4. COMPOSITION OF THE ARBITRAL TRIBUNAL

4.1 Constitution of the arbitral tribunal

4.1.1 Pursuant to Articles 1426 and 1427 of the Code of Commerce, the parties are free to appoint the arbitrators in their arbitration agreement or provide for a mechanism for the appointment of the tribunal, either directly or by reference to arbitral or procedural rules. If the parties fail to agree on the number of arbitrators, the Code of Commerce provides that a single arbitrator will be appointed. 6 Code of Commerce, art 1426.

4.1.2 Where the arbitration agreement requires three arbitrators to be appointed but does not specify the appointment procedure, each party will appoint one arbitrator and the two party-appointed arbitrators will appoint the third. If a party fails to appoint an arbitrator within 30 days of receiving notice from the counterparty requiring it to appoint an arbitrator, or if the two party-appointed arbitrators do not agree on the appointment of the third arbitrator within 30 days of their appointment, either party may request a court to appoint the third arbitrator. 

4.1.3 Either party may request the court to adopt measures to appoint an arbitrator if one of the parties does not abide by the appointment procedure agreed by them, or the parties or party-appointed arbitrators cannot agree on the procedure to be followed, or a third party, including an arbitral institution, does not comply with the functions conferred on it by the agreement (unless the arbitration agreement provides that a different procedure shall apply to resolve the issue). The Code of Commerce contains no specific rules on multi-party arbitration. If the parties have not agreed specific rules for appointing the tribunal in a multi-party arbitration, the general provisions of the Code of Commerce will apply. The court or arbitral institution should, so far as possible, ensure equal treatment and reciprocity between all parties.

4.2 Procedure for challenging and substituting arbitrators

4.2.1 Pursuant to Article 1429 of the Code of Commerce, the parties can freely agree on the procedure to substitute, remove or challenge arbitrators. In the absence of agreement, if a party wishes to remove an arbitrator, it shall submit an application to the arbitral tribunal within 15 days of becoming aware of the applicable ground(s) for removal. The grounds for removing an arbitrator include impartiality or lack of independence, or that the arbitrator does not possess the agreed qualifications. The arbitral tribunal will determine the application unless the challenged arbitrator resigns, or the other party concedes the application. 

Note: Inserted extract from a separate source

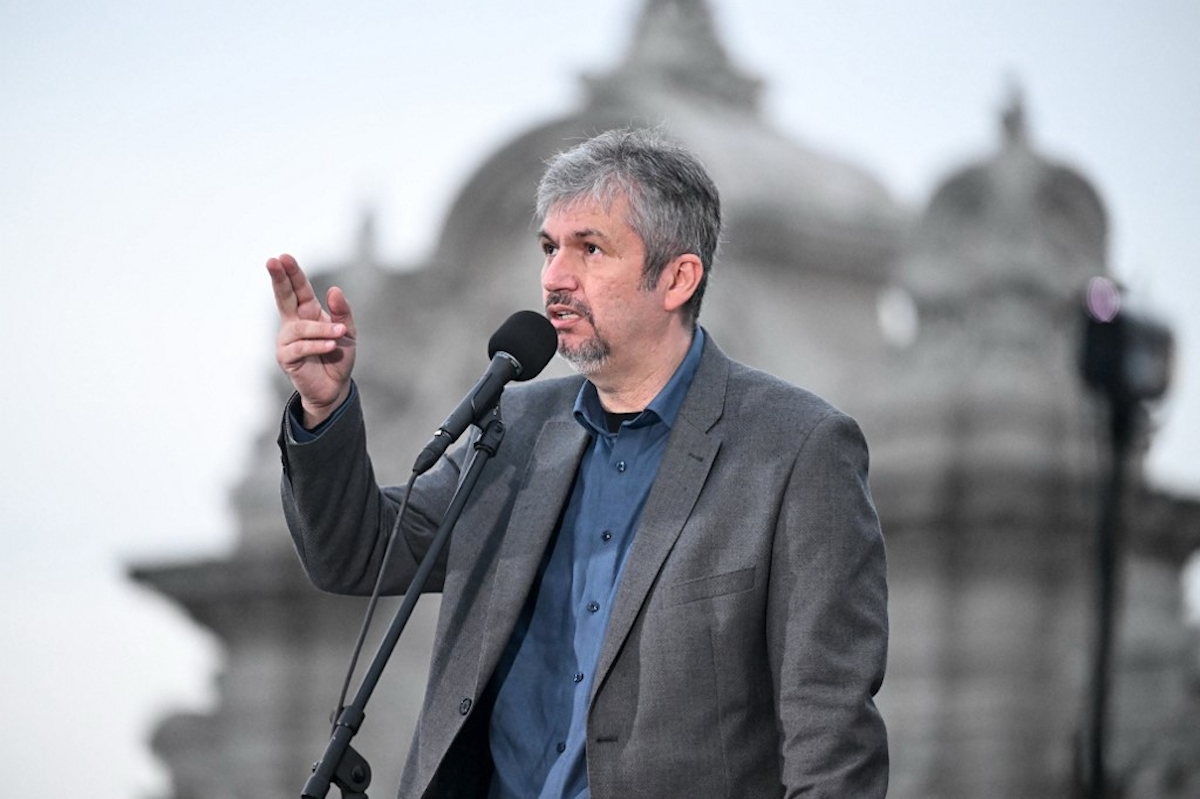 Hadházy Ákos független képviselő.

4.2.2 The tribunal’s decision can be challenged in court within 30 days and the court’s decision cannot be appealed. The arbitral proceedings will continue with the challenged arbitrator remaining in place pending the court’s decision on the matter. 

4.2.3 When an arbitrator is impeded in fact or by legal mandate from executing their functions, or, due to other reasons, does not perform their functions within a reasonable timeframe, the arbitrator’s appointment will cease by renunciation or party agreement. In the event of disagreement, either party may request a court to order the removal of the arbitrator and the court’s decision cannot be appealed. 

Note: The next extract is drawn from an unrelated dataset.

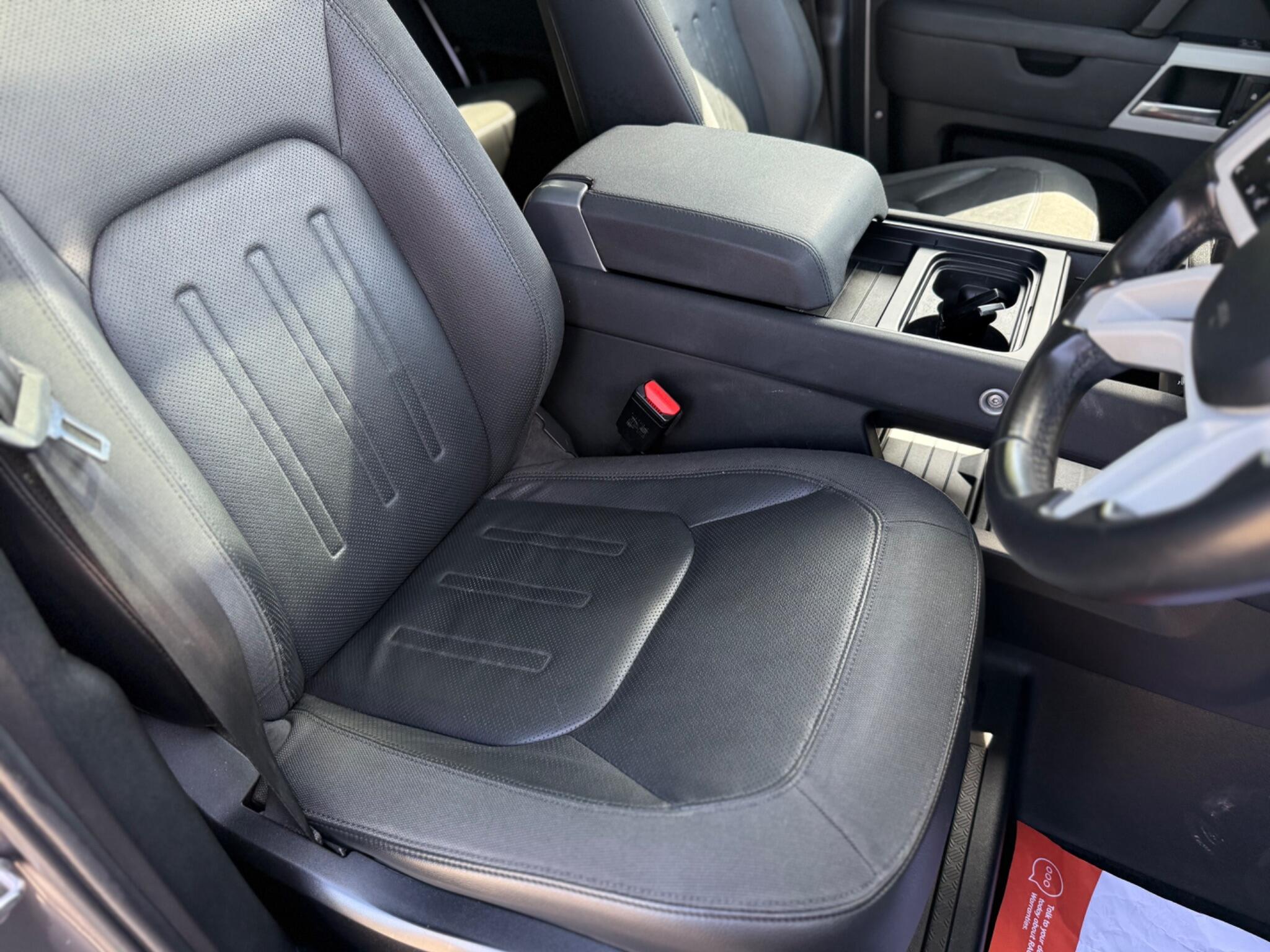 Land Rover Defender 110 - Image 16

4.2.4 In the event that an arbitrator ceases their functions due to any legal or factual impediment, the parties will proceed to appoint a substitute arbitrator in accordance with the procedure through which the substituted arbitrator was appointed. 

4.3 Arbitration fees

4.3.1 Articles 1452 to 1456 of the Code of Commerce contain subsidiary and supplementary provisions regarding Arbitration fees, which will apply only if such provisions are expressly chosen by the parties or if they have failed to agree upon any other rules for the allocation and payment of fees and other expenses. 

4.3.2 Arbitration fees consist of: 7 Code of Commerce, art 1416.

  • the fees of the arbitral tribunal, including travel and other expenses incurred by them; 
  • the costs of the party’s experts or any other expert assistance requested by the arbitral tribunal; 
  • the legal fees of the parties; and
  • the expenses of any arbitral institution. 

4.3.3 Article 1452 of the Code of Commerce establishes that the parties have the freedom to adopt directly or through reference to certain rules of arbitration the rules related to arbitration fees. 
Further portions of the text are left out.